Fifield cites a highway project in Hawaii that underscores his point. “Here was a case where an inlet barrier is required, and the project was designed by and approved by engineers. However, in actual fact, when inspectors walked the linear roadway project, which was determined to have a 10% slope, the inlets spaced at 36 feet apart would have been totally blocked by the barriers, causing a massive flooding downstream. The contractor put in his observations on this, stating he knew it was going to fail. In this case, sediment control barriers would be better, but the reviewers had already approved it.”

On a linear project like this, he says, “incorporating a sediment pond and having continuous erosion control is one of the most important things they can do as they develop the highway.” This includes near-immediate reseeding as crews move along, he says, which is all part of his mandate for better project planning.

The hydroseeding crews should plan to be in place “following the contractor as they go down the road, not four months later—this fast turnaround in revegetation can go a long way with erosion management and it improves the look of the project as well,” he says. EC_bug_web

Early Inspiration for Stormwater Management

Founded on a harbor of the western coast of the Chesapeake Bay, colonial Baltimore began experiencing runoff and sediment issues as early as 1729. Sediment had stopped up inlets, land-locking ports and affecting all commercial activity. Dredging was required to maintain commerce and provide supplies. While the early colonists may not have been aware of it, Maryland is the only state in the US that lacks a single natural lake. Therefore, all Maryland waters drain to the Chesapeake Bay, with runoff literally coming to the bay from everywhere. According to existing records, by 1873 the growing city of Baltimore had installed a 1,700-foot-long, 5- or 6-foot-diameter storm sewer pipe to handle the runoff.

But that wasn’t enough.

The Jones Falls River that ran through the city—and whose racing waterway was channeled for factories and mills in the second half of the 19th century—quickly became legendary for its sewage and industrial output, giving the city a dubious distinction of having the highest typhoid fever rates in the country. When a massive engineering effort was finished in 1915, the Jones Falls had been channeled into a huge culvert with its outfall at the Inner Harbor.

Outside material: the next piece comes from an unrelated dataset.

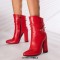 Pointed Toe Chunky Heels Trible Decorated Straps Ankle Highs Side Zipper Boots - Red Faux Leather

But the Great Baltimore Fire changed everything, providing both the incentive and opportunity to fix the burgeoning water management problems. With half the city burned to the ground, Baltimore realized a chance to improve its infrastructure. Reputed to be the first of its kind in the US, a separate storm and sanitary sewer system was approved by voters in 1905, and a treatment facility for human and industrial wastes was built.